# Data:

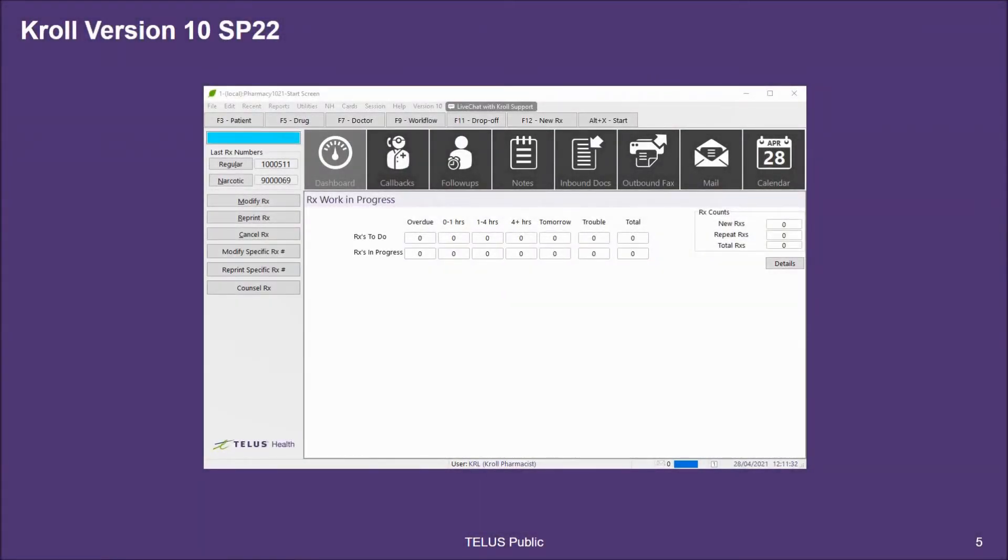Before you begin using the online appointment booking module, you may wish to create additional calendars for your Kroll appointment calendar.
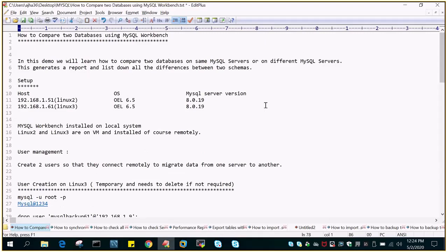Hello and welcome to eMultiSkills video tutorial. In this video tutorial we will learn how to compare two databases using MySQL Workbench, which is a GUI tool.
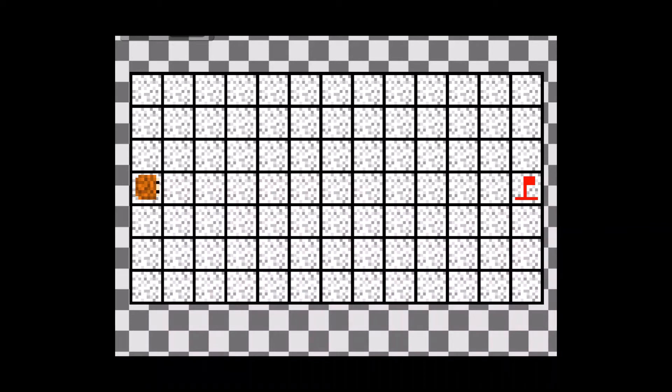But my boss doesn't want that. So we have to have a plan. I'll think about that while you complete some more levels, so my boss doesn't notice we're doing something.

# Description of the task:
Everything in the material above should be reproduced exactly, except the pictures.

# Answer to this exercise:
Before you begin using the online appointment booking module, you may wish to create additional calendars for your Kroll appointment calendar.
Hello and welcome to eMultiSkills video tutorial. In this video tutorial we will learn how to compare two databases using MySQL Workbench, which is a GUI tool.
But my boss doesn't want that. So we have to have a plan. I'll think about that while you complete some more levels, so my boss doesn't notice we're doing something.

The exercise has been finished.